Yet within months of her liberation, unflattering portrayals of Betancourt began appearing in print. Out of Captivity: Surviving 1,967 Days in the Colombian Jungle, by Marc Gonsalves, Keith Stansell, and Tom Howes—three American civilian contractors who were liberated in the same rescue—describes Betancourt as a “snake,” a “princess,” and a selfish figure with a sense of entitlement. They say that she refused to share food, kept valuable possessions—such as a shortwave radio—away from the other prisoners, and even ratted on Gonsalves to her guards after he insisted on holding onto a collection of intimate letters she had written him during their time in captivity. Captive: 2,147 Days of Terror in the Colombian Jungle, by Clara Rojas, Betancourt’s longtime aide, says that she failed to offer her emotional support after Rojas became pregnant in captivity, and blames Betancourt’s “apathetic and bitter” behavior for the unraveling of a twenty-year friendship. “We became like those couples who become total strangers once communication has completely failed them,” Rojas writes.

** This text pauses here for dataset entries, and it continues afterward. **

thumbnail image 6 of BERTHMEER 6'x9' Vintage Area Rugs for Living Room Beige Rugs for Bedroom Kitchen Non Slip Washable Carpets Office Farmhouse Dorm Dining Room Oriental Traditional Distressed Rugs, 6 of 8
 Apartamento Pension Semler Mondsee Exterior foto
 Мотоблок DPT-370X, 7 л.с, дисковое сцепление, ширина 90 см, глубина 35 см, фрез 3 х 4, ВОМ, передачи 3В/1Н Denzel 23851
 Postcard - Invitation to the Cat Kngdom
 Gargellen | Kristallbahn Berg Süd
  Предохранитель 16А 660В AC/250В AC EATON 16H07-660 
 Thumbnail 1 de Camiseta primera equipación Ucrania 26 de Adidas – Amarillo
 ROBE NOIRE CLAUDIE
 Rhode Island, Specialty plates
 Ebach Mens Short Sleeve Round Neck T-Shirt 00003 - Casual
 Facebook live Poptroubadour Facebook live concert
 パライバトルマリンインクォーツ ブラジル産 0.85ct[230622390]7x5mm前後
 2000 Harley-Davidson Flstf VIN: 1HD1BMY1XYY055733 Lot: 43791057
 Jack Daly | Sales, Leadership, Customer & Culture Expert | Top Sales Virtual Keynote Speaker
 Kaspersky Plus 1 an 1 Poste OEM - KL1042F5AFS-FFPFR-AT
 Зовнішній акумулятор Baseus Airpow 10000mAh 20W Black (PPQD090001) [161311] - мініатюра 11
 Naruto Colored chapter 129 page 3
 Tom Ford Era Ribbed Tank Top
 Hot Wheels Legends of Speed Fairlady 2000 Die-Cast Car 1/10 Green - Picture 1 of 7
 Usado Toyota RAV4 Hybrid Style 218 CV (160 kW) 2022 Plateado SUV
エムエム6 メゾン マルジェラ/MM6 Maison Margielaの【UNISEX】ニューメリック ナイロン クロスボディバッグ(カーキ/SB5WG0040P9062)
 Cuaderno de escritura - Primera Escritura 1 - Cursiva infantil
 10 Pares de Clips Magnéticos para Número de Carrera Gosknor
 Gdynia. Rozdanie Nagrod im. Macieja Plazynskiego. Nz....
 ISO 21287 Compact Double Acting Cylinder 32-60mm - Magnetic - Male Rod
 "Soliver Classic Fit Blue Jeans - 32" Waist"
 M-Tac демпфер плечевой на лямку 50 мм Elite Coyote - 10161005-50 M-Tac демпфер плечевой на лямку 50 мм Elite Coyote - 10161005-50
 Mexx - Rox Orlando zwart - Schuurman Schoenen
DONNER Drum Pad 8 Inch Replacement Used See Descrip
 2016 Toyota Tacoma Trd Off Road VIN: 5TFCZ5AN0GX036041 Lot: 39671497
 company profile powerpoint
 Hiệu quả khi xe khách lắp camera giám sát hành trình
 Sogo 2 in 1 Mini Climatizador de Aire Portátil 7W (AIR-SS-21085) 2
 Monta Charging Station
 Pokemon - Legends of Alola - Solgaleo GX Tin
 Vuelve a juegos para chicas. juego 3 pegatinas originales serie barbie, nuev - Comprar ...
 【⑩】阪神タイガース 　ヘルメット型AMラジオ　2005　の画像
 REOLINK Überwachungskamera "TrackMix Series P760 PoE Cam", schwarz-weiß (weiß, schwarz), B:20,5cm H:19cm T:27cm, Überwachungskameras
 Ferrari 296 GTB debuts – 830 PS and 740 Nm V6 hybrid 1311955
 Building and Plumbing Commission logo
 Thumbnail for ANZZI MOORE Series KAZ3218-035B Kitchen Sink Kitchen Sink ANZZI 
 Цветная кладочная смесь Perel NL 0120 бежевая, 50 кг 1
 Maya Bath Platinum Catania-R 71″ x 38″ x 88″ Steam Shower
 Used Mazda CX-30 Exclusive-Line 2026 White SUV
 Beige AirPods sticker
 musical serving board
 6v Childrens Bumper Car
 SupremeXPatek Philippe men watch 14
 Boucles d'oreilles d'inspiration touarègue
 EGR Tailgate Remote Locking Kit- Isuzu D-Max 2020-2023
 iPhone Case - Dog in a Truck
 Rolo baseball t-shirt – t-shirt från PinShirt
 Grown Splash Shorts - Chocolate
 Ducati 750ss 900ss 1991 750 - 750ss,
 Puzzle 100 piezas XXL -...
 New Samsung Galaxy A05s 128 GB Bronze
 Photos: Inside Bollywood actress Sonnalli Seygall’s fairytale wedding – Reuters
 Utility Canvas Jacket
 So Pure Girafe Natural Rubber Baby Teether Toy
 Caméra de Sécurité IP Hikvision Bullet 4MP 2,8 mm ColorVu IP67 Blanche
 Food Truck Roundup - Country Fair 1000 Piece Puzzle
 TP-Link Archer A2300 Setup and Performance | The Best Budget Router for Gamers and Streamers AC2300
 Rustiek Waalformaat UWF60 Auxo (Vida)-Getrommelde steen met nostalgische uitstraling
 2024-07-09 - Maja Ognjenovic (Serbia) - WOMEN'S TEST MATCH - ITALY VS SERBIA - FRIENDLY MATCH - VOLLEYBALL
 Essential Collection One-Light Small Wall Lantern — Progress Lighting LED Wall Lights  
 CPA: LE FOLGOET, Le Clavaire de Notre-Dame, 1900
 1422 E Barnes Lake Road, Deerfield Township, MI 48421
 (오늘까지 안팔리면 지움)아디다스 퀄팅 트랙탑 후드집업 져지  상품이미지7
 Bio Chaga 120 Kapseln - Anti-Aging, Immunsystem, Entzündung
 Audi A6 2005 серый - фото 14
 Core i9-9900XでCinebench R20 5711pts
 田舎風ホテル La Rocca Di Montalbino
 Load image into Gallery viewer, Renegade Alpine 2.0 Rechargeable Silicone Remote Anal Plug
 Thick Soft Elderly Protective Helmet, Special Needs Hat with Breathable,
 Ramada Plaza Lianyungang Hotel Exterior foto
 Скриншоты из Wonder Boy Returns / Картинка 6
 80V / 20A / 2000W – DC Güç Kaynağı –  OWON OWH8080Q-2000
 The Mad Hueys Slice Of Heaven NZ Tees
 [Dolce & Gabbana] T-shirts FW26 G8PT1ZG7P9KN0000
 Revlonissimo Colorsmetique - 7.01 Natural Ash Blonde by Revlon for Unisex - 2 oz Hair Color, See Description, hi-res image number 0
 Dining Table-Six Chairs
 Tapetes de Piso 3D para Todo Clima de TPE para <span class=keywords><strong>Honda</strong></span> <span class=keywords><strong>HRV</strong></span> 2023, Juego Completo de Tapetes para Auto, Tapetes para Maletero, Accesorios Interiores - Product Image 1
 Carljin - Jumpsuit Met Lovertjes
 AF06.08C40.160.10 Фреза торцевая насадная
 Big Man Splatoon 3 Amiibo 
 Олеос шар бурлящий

She had always been so strong and determined, and it was upsetting to watch her falling apart. I even believe that she wanted to die. She grew from being a role model for me to someone who represented death.
(Rojas was released in January 2008 in a deal brokered by Venezuelan President Hugo Chávez.)
Betancourt’s reputation suffered another blow in June 2010, after she accused the Colombian army of negligence in the events leading up to her 2002 kidnapping. Claiming that they had denied her protection on a risky fact-finding trip into contested territory, she demanded $6.8 million in compensation from the government. That demand was rejected by the army and by the Colombian vice-president, Francisco Santos, who said that the petition deserved a “world prize for greed, ungratefulness and gall.”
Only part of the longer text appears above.